Commercial Lending Corporation has helped companies secure financing when they were previously denied by their own bank or credit union. For example, one recently closed loan was for a retail shopping center looking to refinance in order to satisfy past due obligations and payoff taxes. Other lenders denied the loan, because of past due taxes. However, CLC was able to find an interested private investor and help this customer complete the refinance of their shopping center.


Any Size Business Can Apply for a PPP from Commercial Lending Corporation

A private placement program (PPP) is a special type of financing program offered by Commercial Lending Corporation and made available to businesses of all sizes.
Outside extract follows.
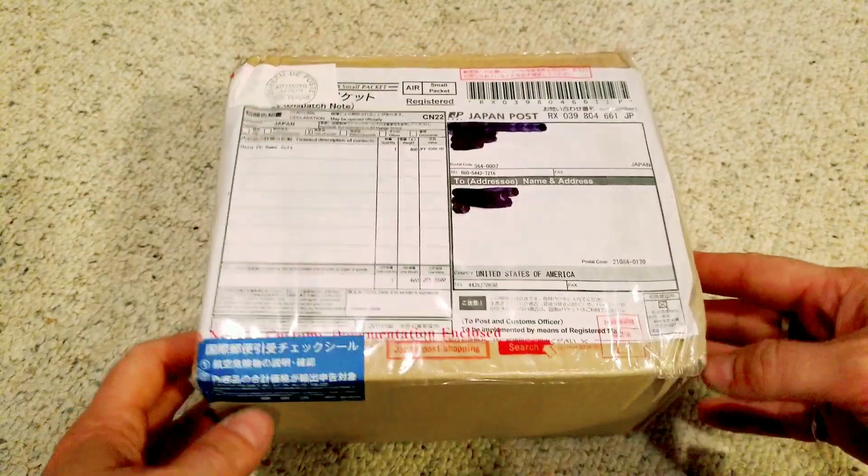What's up guys, welcome to the channel and welcome to another unboxing video. This time I've got some more Japanese PC shooters, a couple of Switch games — you gotta get them for the Switch when you see them — and I got a really cool Neo Geo controller that I found at a local retro game store in my area. Let's check it out.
You do not have to be a large multi-national firm to apply for a PPP. Both small mom and pop operations and medium companies are also able to apply for a PPP. This kind of commercial loan is designed to help a business operation raise capital and cash through private sources by soliciting interested investors.

Some people get a PPP confused with selling stock on the open markets. While you do have to put together and prepare a Regulation D Offering and submit the appropriate paperwork to the SEC and other government agencies, you are not selling stock on the open market. Rather, you are providing a percentage interest in your company as collateral in return for the amount of money the private investors want to lend you. Your company remains private. You retain full ownership of the operation and continue to run it as you have, without any input or interference from your investors.

There can be different ways to satisfy the terms and conditions of a PPP obtained through Commercial Lending Corporation (CLC). Some of your investors may want you to make regular monthly payments until they are fully paid back. Others might prefer one large, lump sum payment, along with interest at the end of a specific period of time. CLC will let you know exactly what type of repayment your investors require, so that you do not default on your obligations.